NC : Dans une période de crise, de repli sur soi, la laïcité peut être instrumentalisée pour exclure, stigmatiser. Prenez le cas des menus prétendument casher et halal dans les cantines scolaires, dont parle le Front national. C’est totalement faux, ça ne se fait nulle part. Les propos de ce parti visent à faire peur, à stigmatiser. La simple diversité des menus n’est pas au service d’une religion, elle sert tous les enfants qui ne souhaitent pas forcément manger de la viande ce jour-là.
L’autorisation de l’abattage rituel en France est pourtant une dérogation à des règles d’ordre public (sur l’interdiction de la souffrance animale) pour un motif religieux…
NC : Les croyants ont le droit de pratiquer leurs rituels. L’abatage rituel est un fait en France et l’Etat n’est pas hypocrite devant cette réalité. L’Etat préfère que cela se passe sur le territoire national et que cela soit encadré dans des abattoirs. Interdire, laissez-faire, développer des filières contestables, c’est à ce moment que cela devient dangereux.
La laïcité est un sujet sensible. Produire des lois (comme en 2004 sur les signes religieux, ou en 2010 sur la dissimulation du visage) est-il la solution?
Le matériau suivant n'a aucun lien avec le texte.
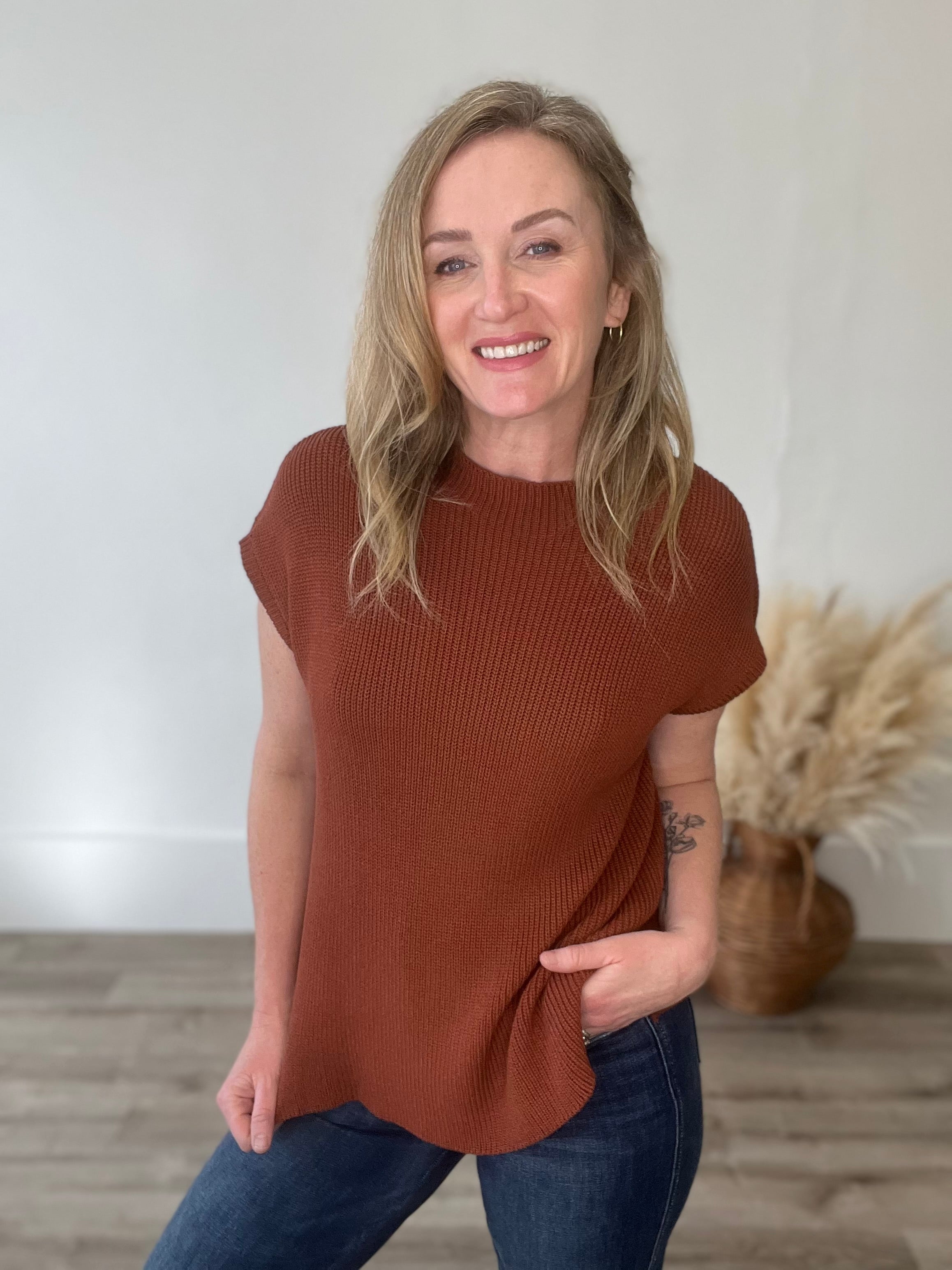 Mock Neck Sweater Top - Burlwood-tops- Hometown Style HTS, women's in store and online boutique located in Ingersoll, Ontario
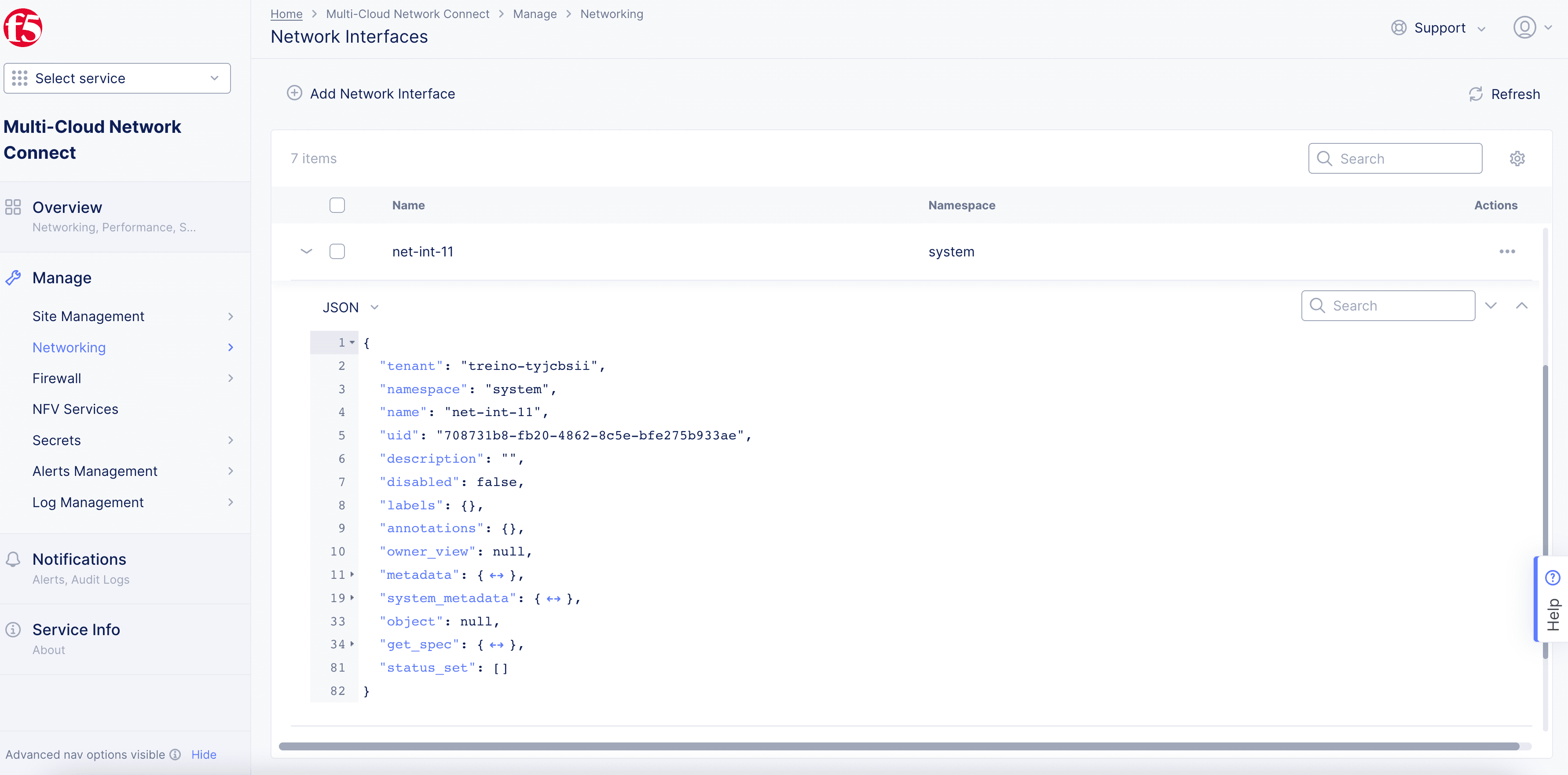 Figure: View Network Interface Object Information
NC : Non, je ne le crois pas. La loi ne règle pas tout. Le droit actuel suffit à répondre aux situations d’aujourd’hui. Le souci, c’est que la loi est méconnue, et il y a un gros effort de pédagogie à faire. Nous avons réalisé trois guides sur la laïcité en ce sens. Et puis je soulignerai que sur ces questions très sensibles, très médiatisées, le dialogue est primordial. S’informer, se dégager du ressenti immédiat, dialoguer sont des clefs essentielles pour éviter les conflits.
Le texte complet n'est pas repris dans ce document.